Ces préoccupations des travailleur.es sont légitimes, et elles ont été avivées depuis le début de la crise sanitaire : dans les services et les établissements, il a fallu improviser un télétravail dans les pires conditions. En particulier pour les parents d’élèves devant jongler entre obligations professionnelles, suivi de la scolarité des enfants pendant les périodes d’enseignement à distance, partage du matériel informatique familial, etc. Télétravail dont la réalité par rapport au travail sur site est d’ailleurs très discutable, aussi bien du point de vue des personnels que des usager·es.
Cette réalité est particulièrement sensible dans l’Éducation nationale et encore plus dans l’Enseignement supérieur.

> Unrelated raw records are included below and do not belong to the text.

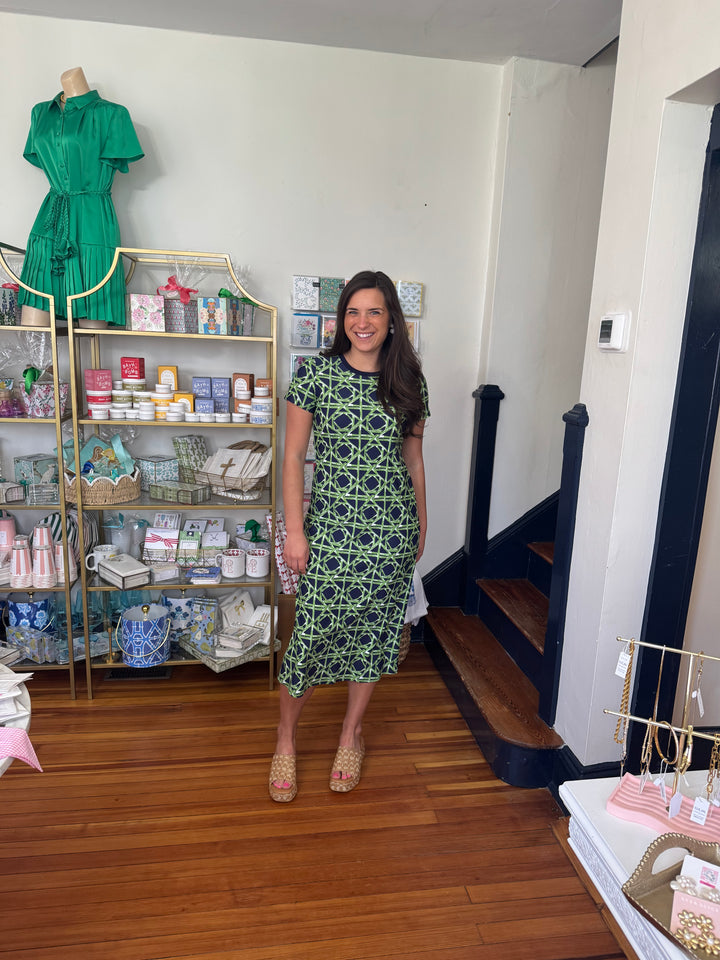 Alexandra Dress in Bamboo Rattan Navy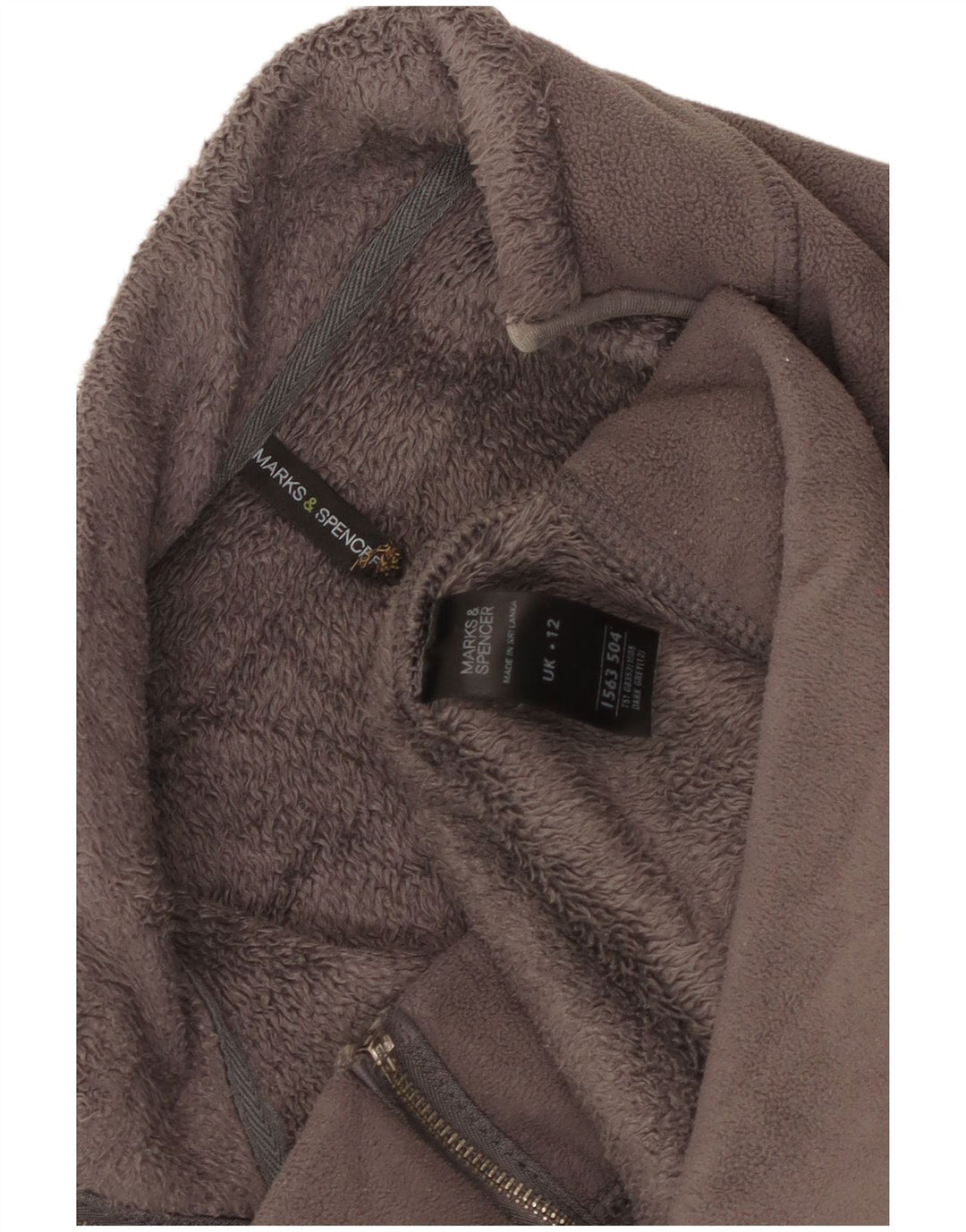 Marks & Spencer Damen Fleecejacke UK 12 Mittelgraues Polyester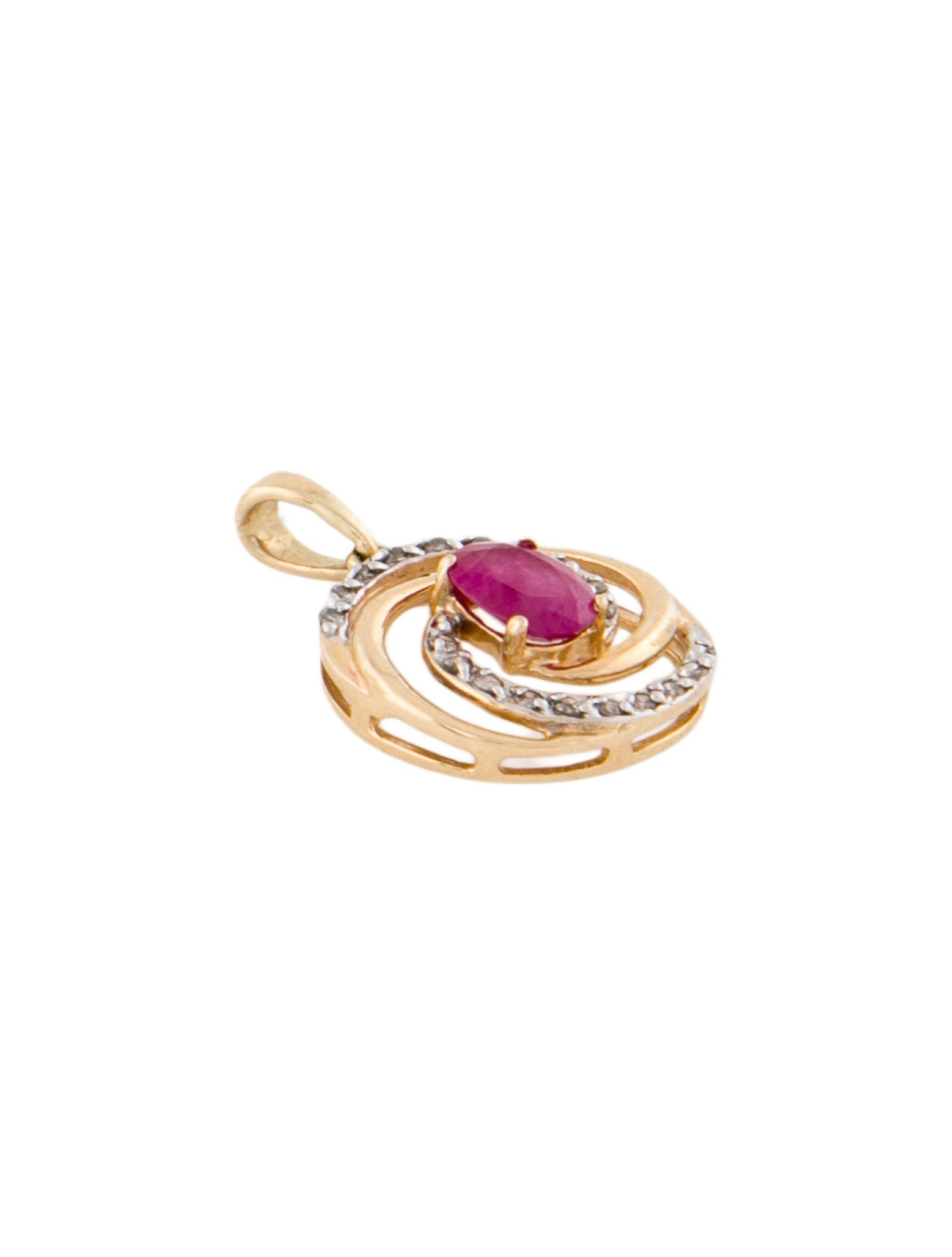 Pendant 14K Ruby & Diamond Spiral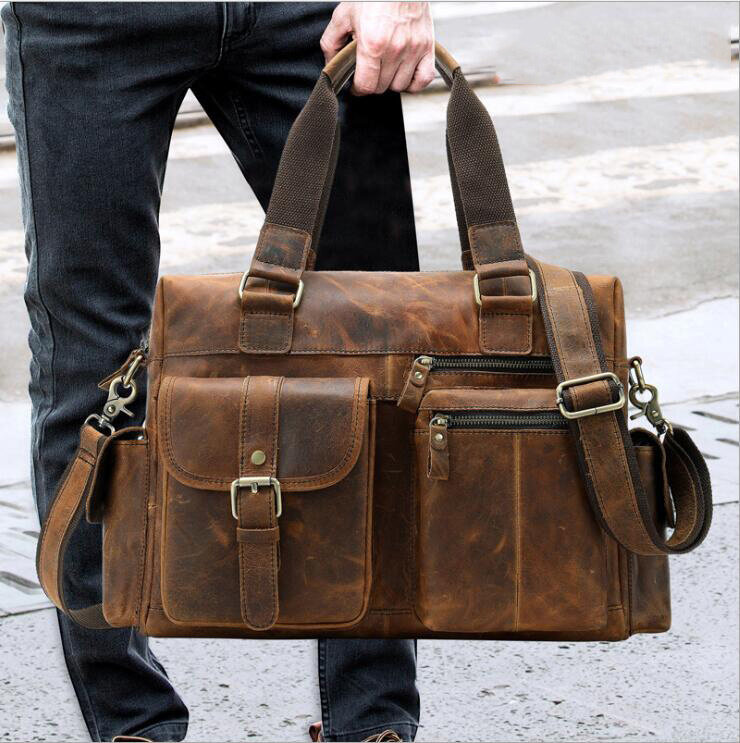 Torba z prawdziwej skóry męska teczka Messenger Laptop dla mężczyzn biurowe męskie torebki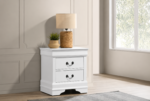 Louis Philippe 2-drawer Nightstand Bedside Table White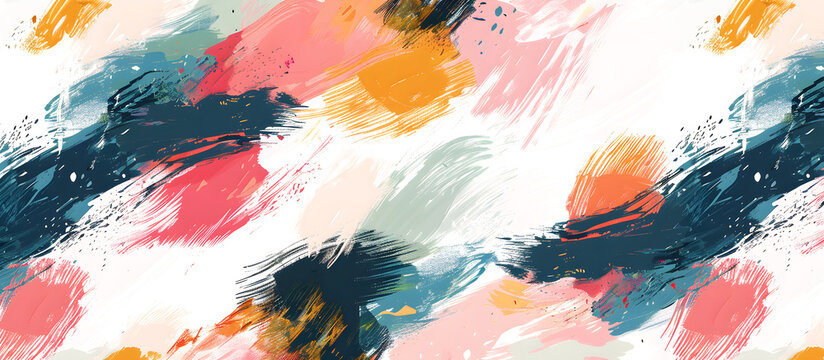 Seamless colorful paint brush marks pattern background Grunge background. Abstract minimalism hand drawn pat on white and transparent background
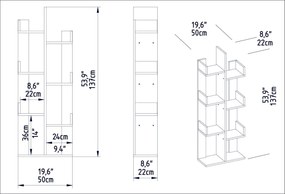 Estante Luisa – Branco – 50 cm x 22 cm x 137 cm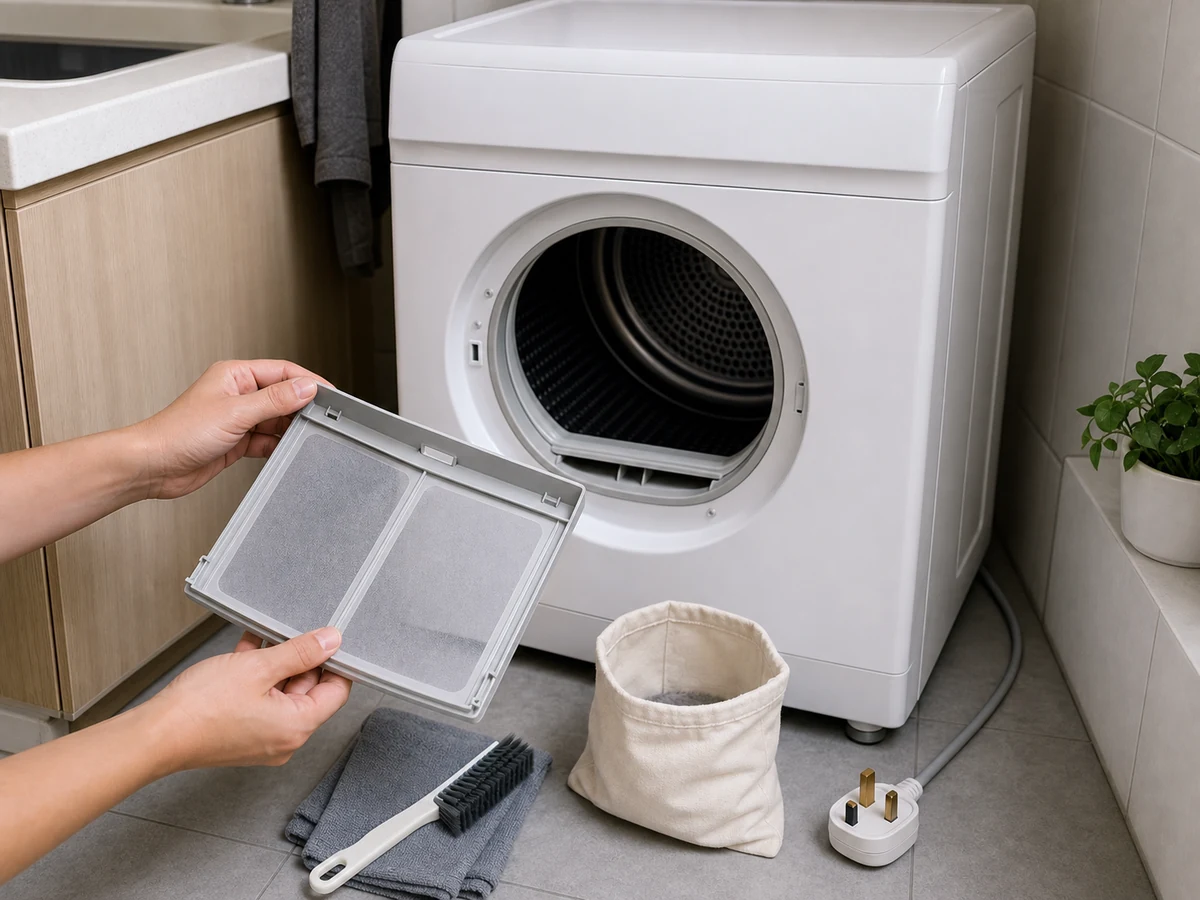 How to Clean a Tumble-dryer Lint Filter and Accessible Surfaces — clean, dry and safely restored result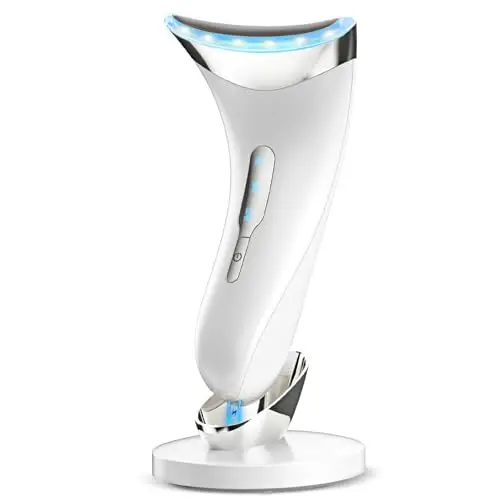 Massaggiatore Viso Antirughe Lifting Elettrico: Dispositivo di Bellezza con 3 Modi LED - Massaggio EMS per Face Lifting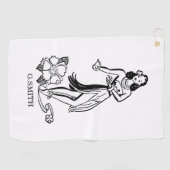 Serviette De Golf Monogramme Lady Dancing Luau (Horizontal)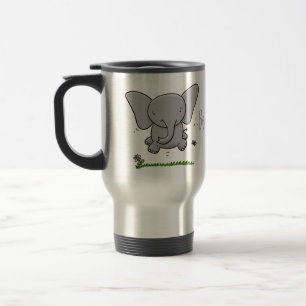 Mug De Voyage Caricature adorable bébé éléphant personnalisées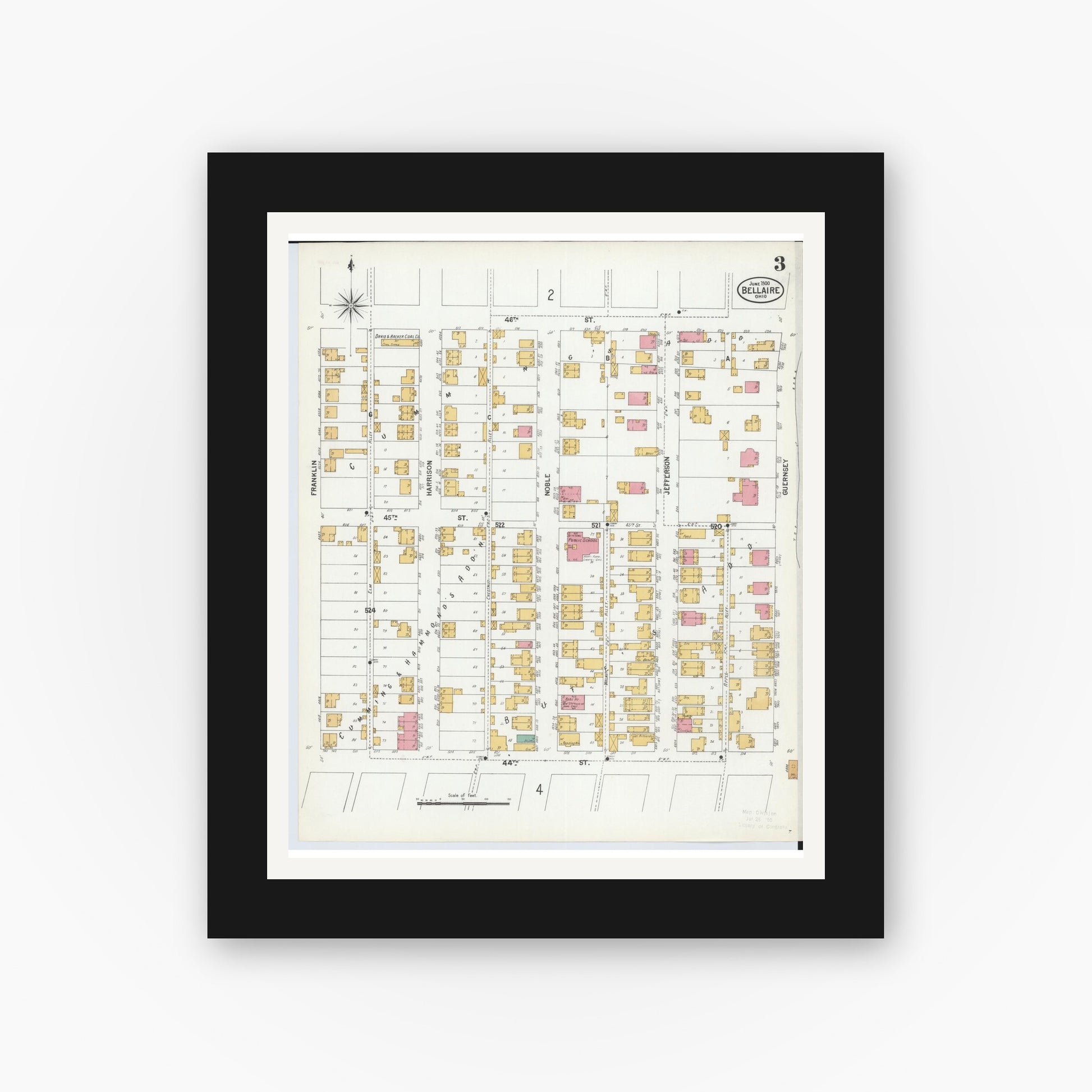 Old map wall art mockup — black gallery frame with white mat — Sanborn Fire Insurance Map from Bellaire, Belmont County, Ohio (1900), Sheet #0003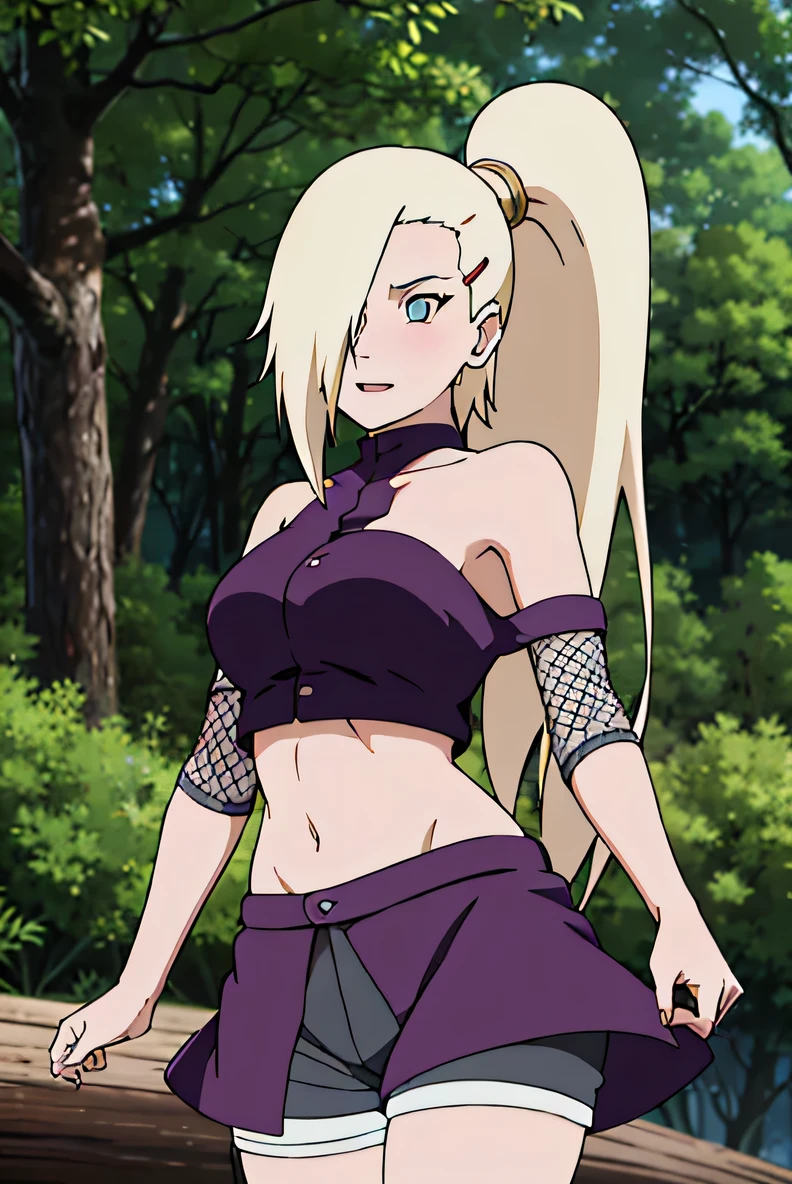 (Position yourself for the audience.), Ino Yamanaka, looking at the audience, charming, Groin, cowboy shoot, Extraordinarily detailed face,In the forest, sunny day, Daytime, upper body view, anime style, alone, House details, Blonde, ((One eye is covered with fur., Hair over the eyes)), Medium bust, Belly button, looking at the audience, (off shoulder, Broad shoulders, curved body), hidden eyes, smile, open mouth, very happy, high, Hair clips, Looks sharp, Sharp face, Sharp eyes, cool colors,Knees up,Beautiful legs,Leg kick,Fighting posture, jump,((The dress is torn.,Show off your shorts., blushing))
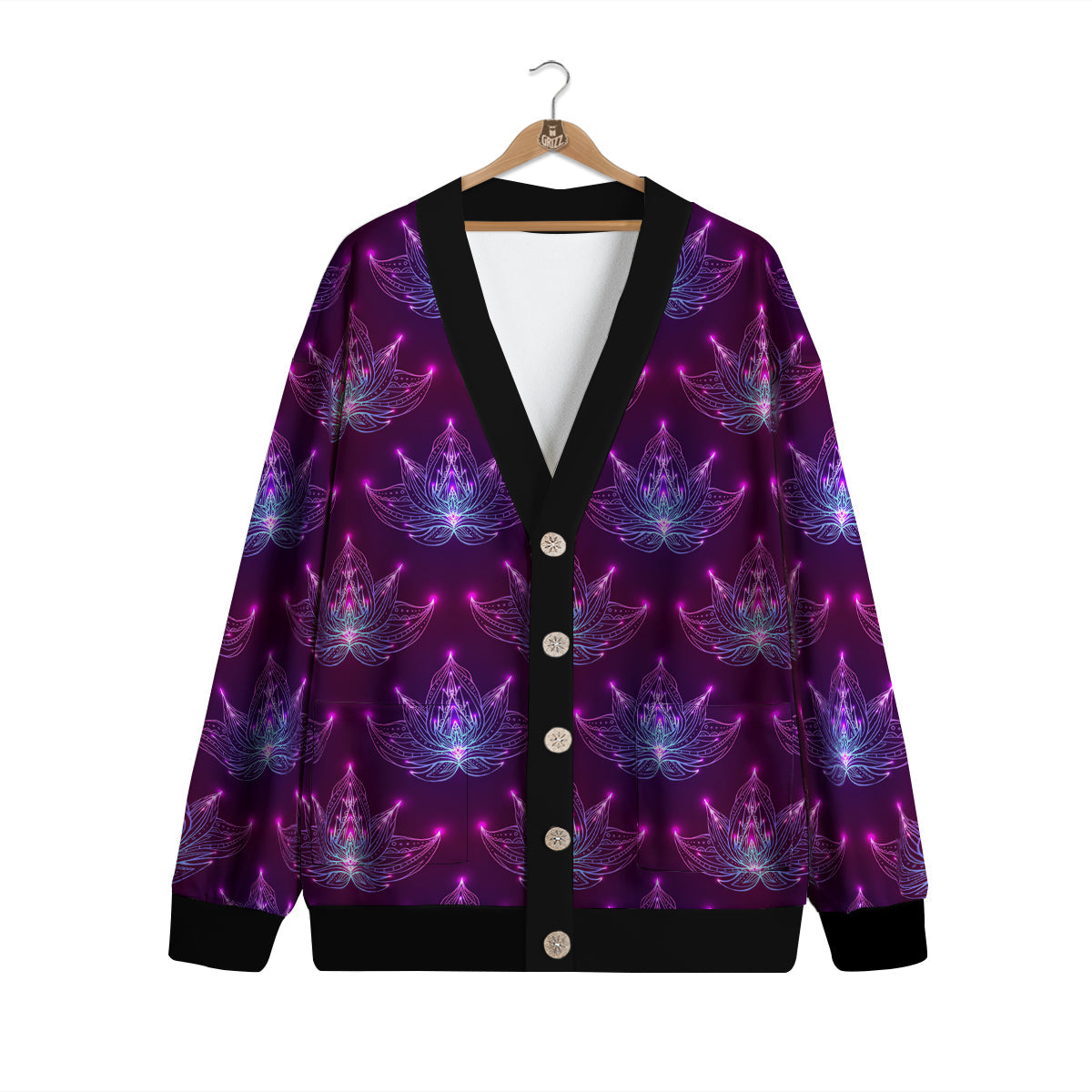 Purple Lotus Boho Print Pattern Cardigan-grizzshop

Certes, l’enseignement à distance n’est pas à proprement parler du télétravail (3). Mais tout le monde a pu constater son fiasco sur le plan pédagogique, social, et tout simplement dans les relations humaines constitutives de la relation éducative. Ce que veulent les personnels, les jeunes, les parents d’élèves, ce n’est pas de l’enseignement « hybride » mais la satisfaction des revendications : recrutements massifs (incluant la titularisation des précaires), diminution des effectifs dans les classes et les amphis, des moyens pour rattraper les difficultés scolaires accumulées, dans un cade sanitaire garanti… et non pas revivre ce cauchemar !
Dans cette situation, le gouvernement a proposé aux organisations syndicales de discuter d’un projet d’accord sur le télétravail dans la Fonction publique. C’est donc un accord qui n’était revendiqué ni par les personnels ni par les syndicats, qui ne résulte d’aucune mobilisation ni d’aucun rapport de forces… c’est-à-dire le contraire de ce qui serait nécessaire pour un accord valable.
Bienvenue sur “L’île aux enfants” !
Ce qui frappe en premier lieu, c’est la vision irénique portée par le texte de l’accord : un monde où les conflits du travail sont inexistants.
Le texte de l’accord commence prudemment, mentionnant à propos du développement des outils numériques et du télétravail, “leurs impacts positifs et négatifs sur l’organisation concrète du travail et des services”. Par la suite, on y présente l’individualisation de la relation de travail comme élément positif en soi, le télétravail comme naturellement positif (l’accord doit servir de “point d’appui à la négociation de proximité pour favoriser le développement du télétravail au bénéfice des agents et des usagers du service public”… comme si le bénéfice était évident).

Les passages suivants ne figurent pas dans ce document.